Directions for this task
Extract exactly the lines from the top of the records through the line containing "Gel-1130 sneakers - wit/lichtblauw", and keep pictures out of the copy.

Dataset
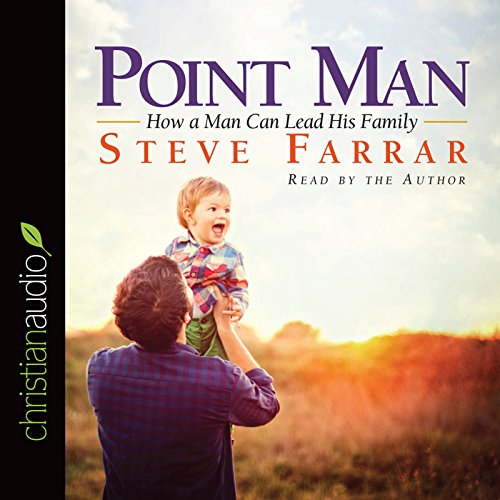 Point Man Audiobook By Steve Farrar cover art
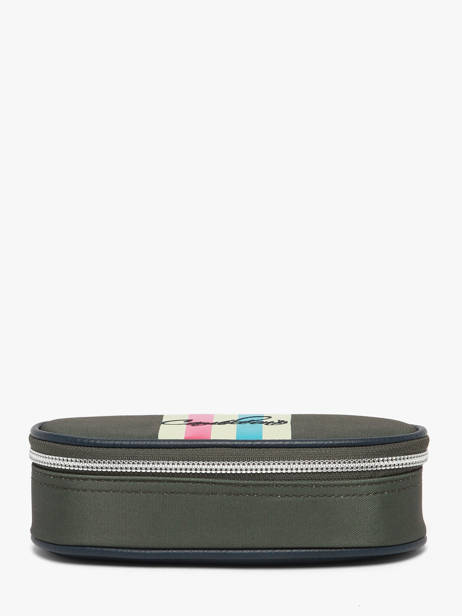 Trousse 1 Compartiment Vintage Urban Cameleon Vert vintage urban PLUM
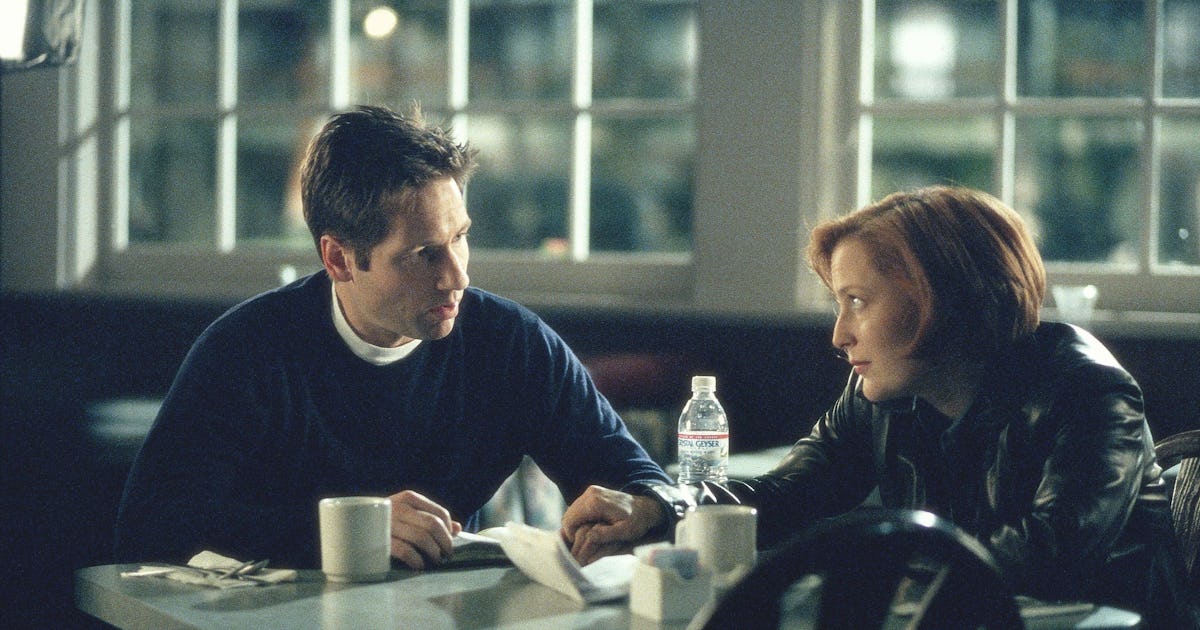 Breaking Bad And The X-Files:  Did One Role Lead To The Other?
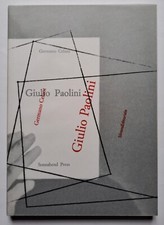 GIULIO PAOLINI Germano Celant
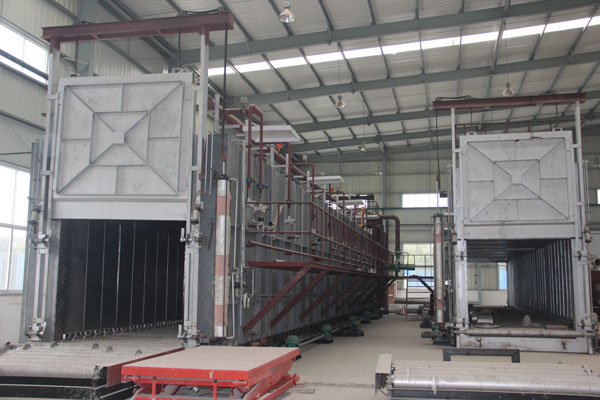 Heat treatment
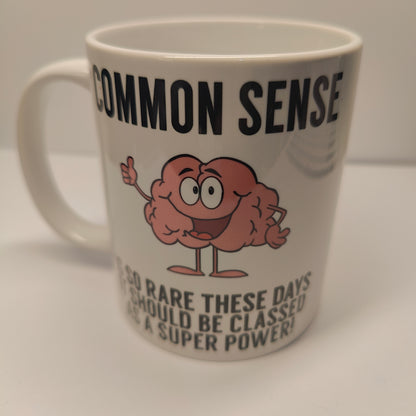 Common Sense (SALE)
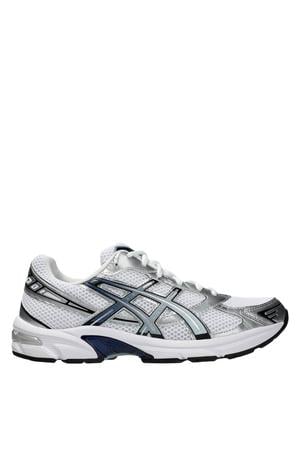 Gel-1130 sneakers - wit/lichtblauw
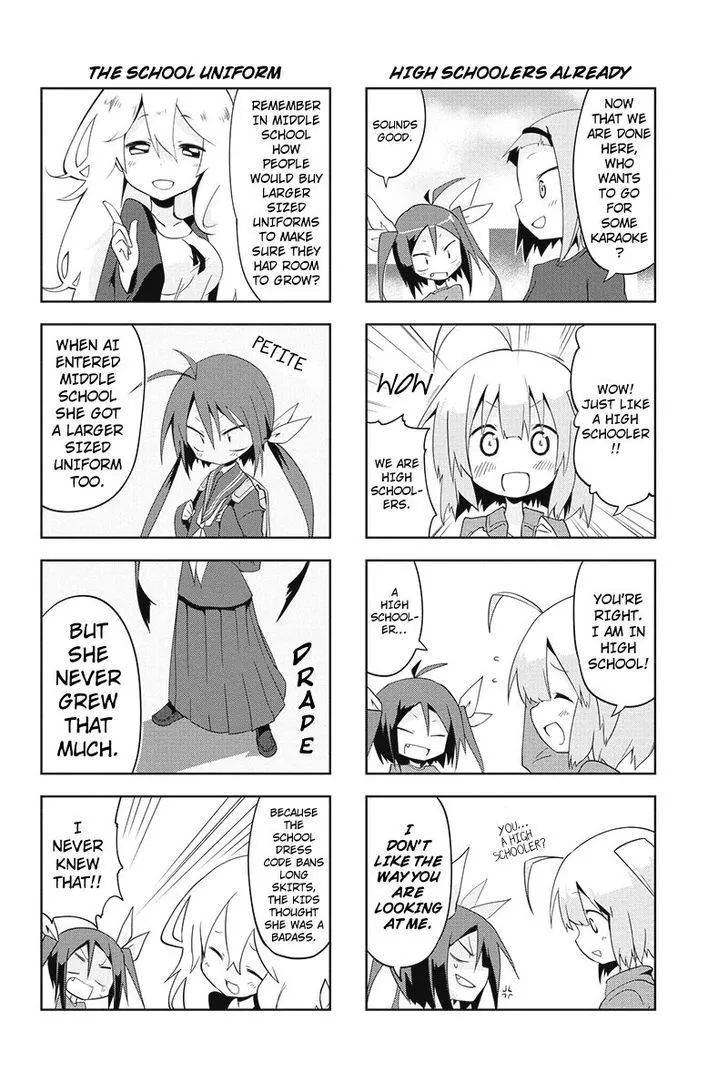 Seitokai Sousenkyo - Page 5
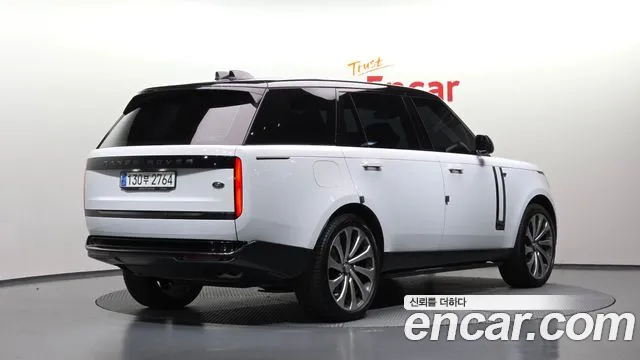 Land Rover Range Rover 5th Gen — Фото автомобиля 2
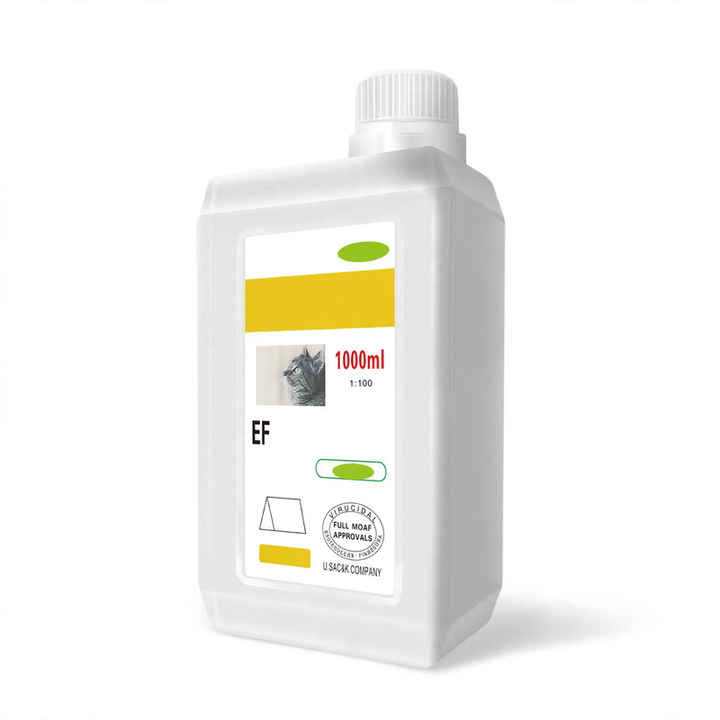 Konzentriertes Geruchsentferner-Spray für Katzen und Hunde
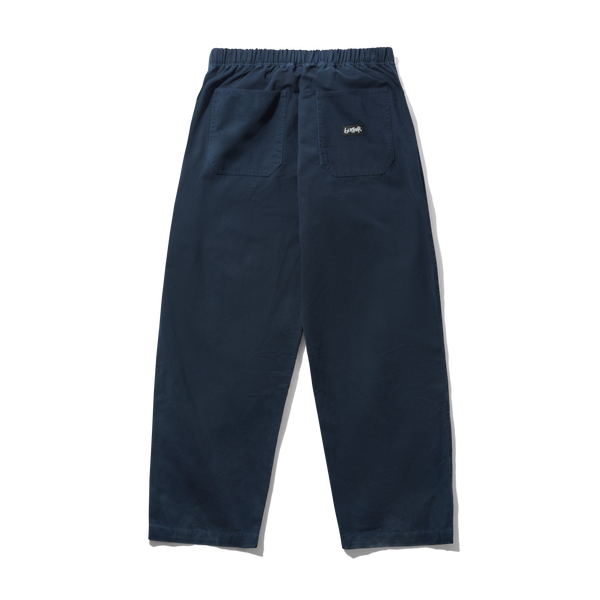Butter Goods Everyday Pants, Washed Navy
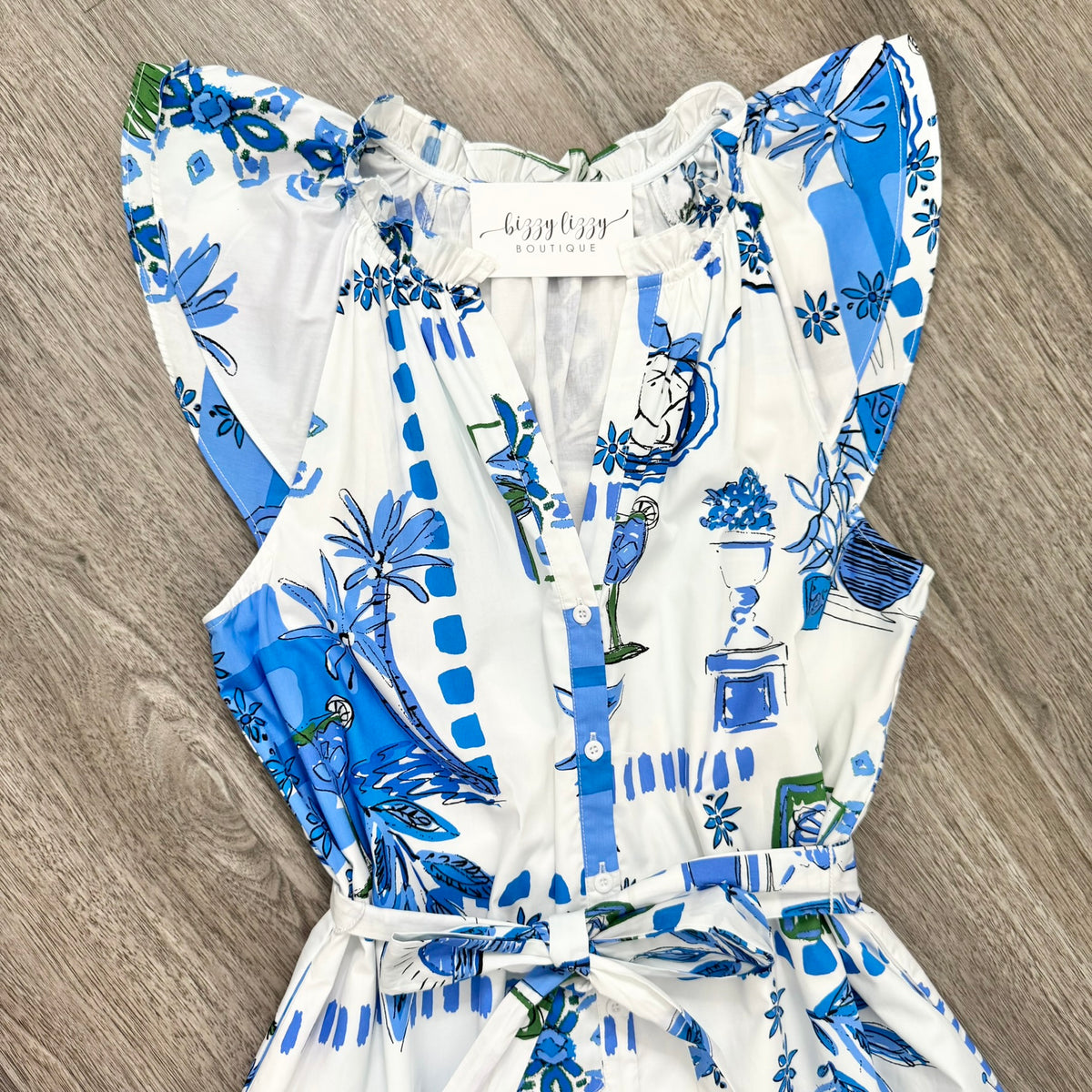 The Postcard Dress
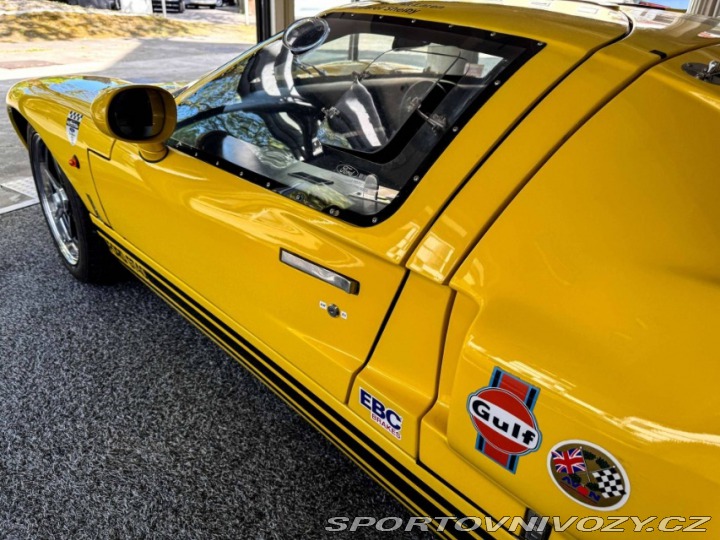 Ford GT replika 1984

Solution to this problem
 Point Man Audiobook By Steve Farrar cover art
 Trousse 1 Compartiment Vintage Urban Cameleon Vert vintage urban PLUM
 Breaking Bad And The X-Files:  Did One Role Lead To The Other?
 GIULIO PAOLINI Germano Celant
 Heat treatment
 Common Sense (SALE)
 Gel-1130 sneakers - wit/lichtblauw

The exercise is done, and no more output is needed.